Astronomers have now mapped billions of stars and galaxies that have coalesced, light-years away, in the darkened gloom of our universe. They have observed the powerful gravity of a black hole and even persevered in searching for signs of life in exoplanets that have circled nearby stars. All this and more have been supported by the advent of more powerful telescopes, ones not bound on land but floating in the ever-expanding cosmic space.

The Search for EARTH 2.0

The telescope’s advents and the new knowledge we have gained have only served to fuel our curiosity even more. What’s the reason for our cosmic loneliness? Are there any more earths out there? How many far-flung planets exist that could harbour life as we know it? . Telescopes like NASA’s Hubble and Kepler have already provided us evidence of billions of galaxies, each containing stars much like our Sun. We have also devised telescopes that help us study objects in the universe by detecting the heat or radio waves or X-rays they emit. In the fall of 2021, we are already looking towards a launch that could significantly expand the vision of what we can see.

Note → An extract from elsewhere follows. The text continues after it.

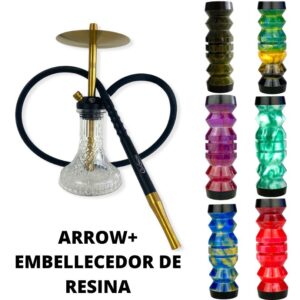 cachimba cold smoke mini arrow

All to answer just one question – In about 100 billion galaxies and counting, could there be another Earth with life forms like ours?

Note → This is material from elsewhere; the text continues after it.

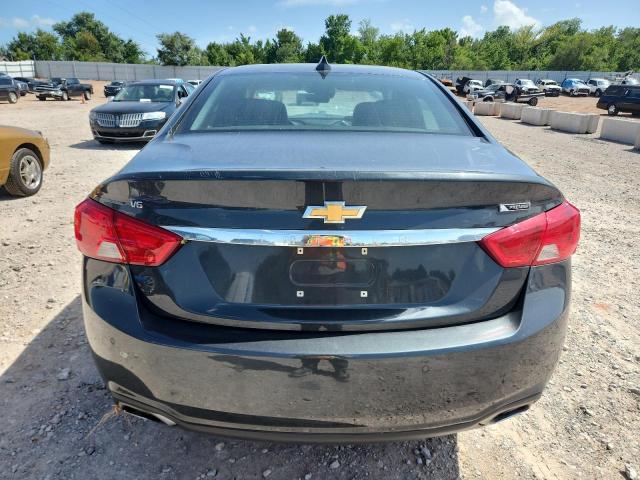 2019 CHEVROLET IMPALA PRE 2G1105S35K9126414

But what’s the point, one may ask? Because that’s what science is all about! It’s an amalgamation of dreamers, thinkers and doers who dare to imagine what the ordinary man could not conceive. The search for even an ounce of slime on some planet could revolutionise biology; water on a distant planet could give us clues on our molecular DNA, all of which is a worthy agenda for the foreseeable future. And so scientists relentlessly work at it, one matter at a time, hoping someday we could answer the quintessential questions on our cosmic loneliness.

The endless curiosity that Galileo set into motion with his one discovery has had enormous proportions on mankind. He made us realize that studying the one thing that truly inspires us, what we feel is worthwhile and what we sometimes suspect to be accurate, even against all odds, is essentially the crux of modern science.